EXERCISE GOAL
Everything from the line containing "プレント／マチ広お買い物バッグ（ネイビー）" through the line containing "wholesale 925 Sterling" should be repeated exactly, and nothing else from the data.

SUPPLIED MATERIAL
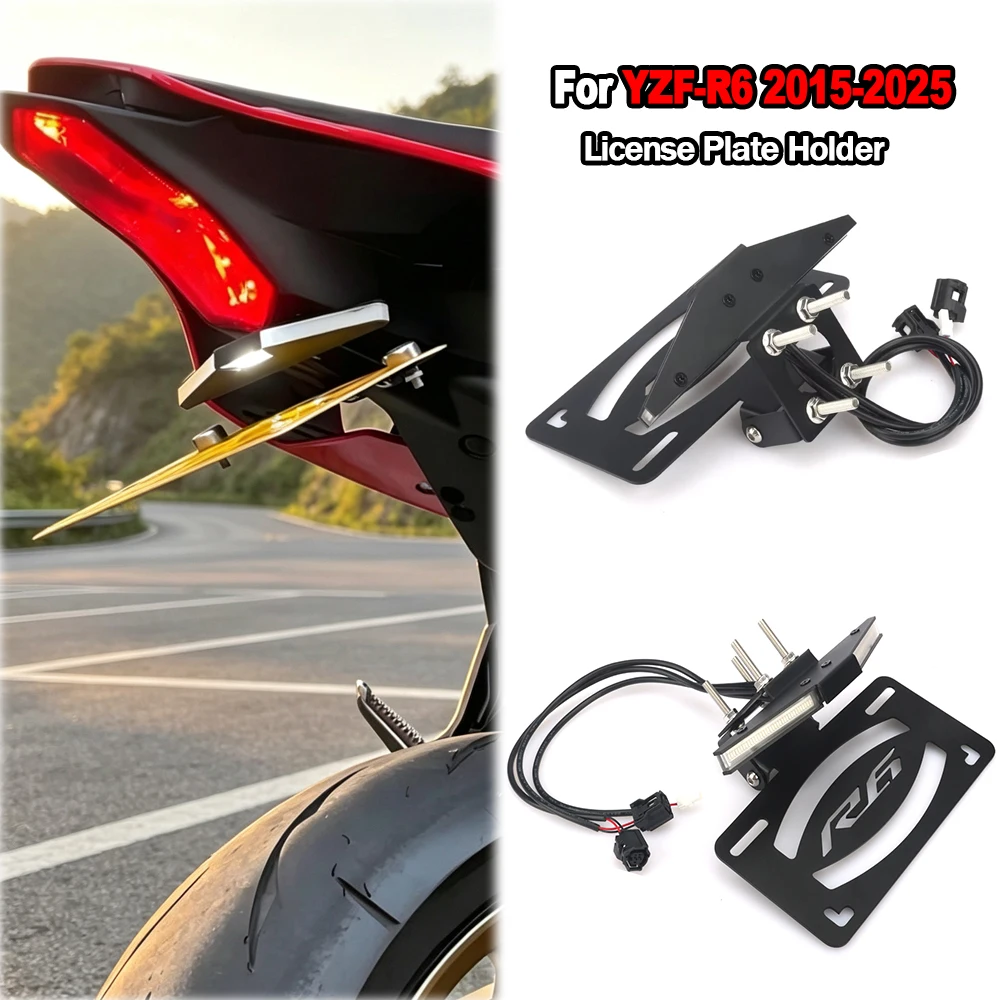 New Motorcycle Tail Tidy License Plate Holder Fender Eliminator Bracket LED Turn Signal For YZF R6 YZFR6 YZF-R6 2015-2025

---

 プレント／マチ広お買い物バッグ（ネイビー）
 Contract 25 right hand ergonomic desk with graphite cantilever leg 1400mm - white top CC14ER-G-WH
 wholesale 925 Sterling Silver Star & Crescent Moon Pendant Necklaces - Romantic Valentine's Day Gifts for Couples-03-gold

---

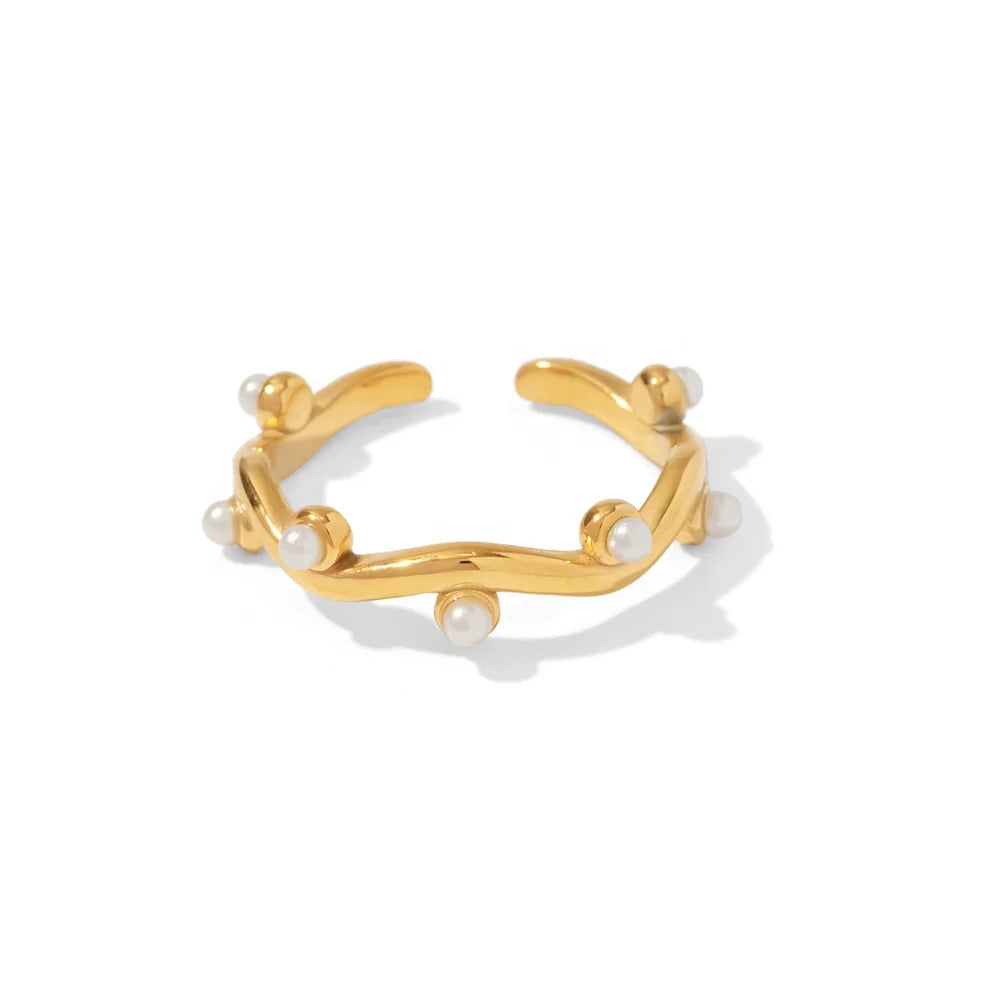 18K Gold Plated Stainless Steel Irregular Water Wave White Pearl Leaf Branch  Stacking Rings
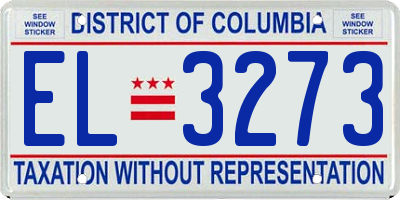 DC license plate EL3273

RESPONSE TO THE TASK
 プレント／マチ広お買い物バッグ（ネイビー）
 Contract 25 right hand ergonomic desk with graphite cantilever leg 1400mm - white top CC14ER-G-WH
 wholesale 925 Sterling Silver Star & Crescent Moon Pendant Necklaces - Romantic Valentine's Day Gifts for Couples-03-gold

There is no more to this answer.